▶ Material provided:
Content starts

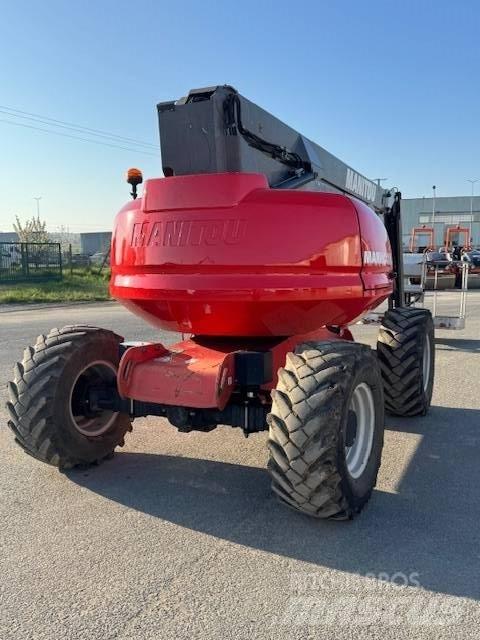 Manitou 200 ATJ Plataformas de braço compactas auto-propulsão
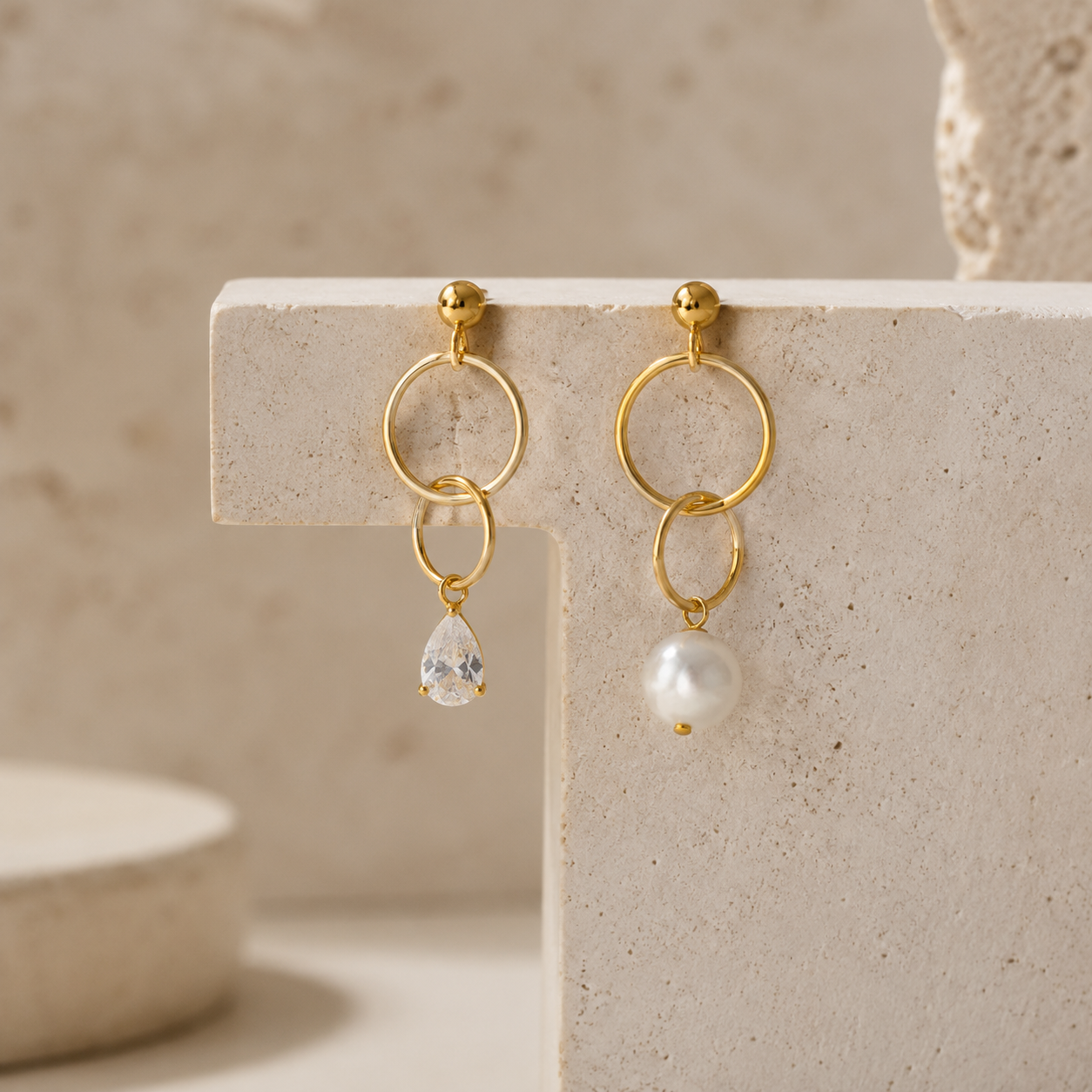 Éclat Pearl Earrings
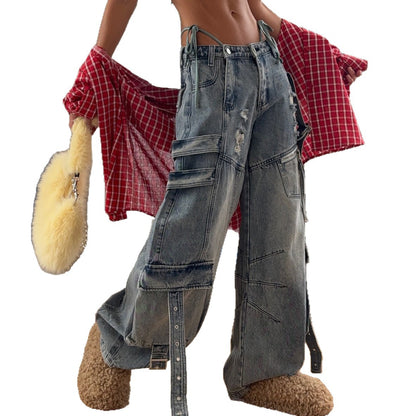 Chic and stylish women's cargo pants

Content ends

▶ Task requirements:
Give every line above again exactly, omitting whatever pictures appear.

▶ Task response:
 Manitou 200 ATJ Plataformas de braço compactas auto-propulsão
 Éclat Pearl Earrings
 Chic and stylish women's cargo pants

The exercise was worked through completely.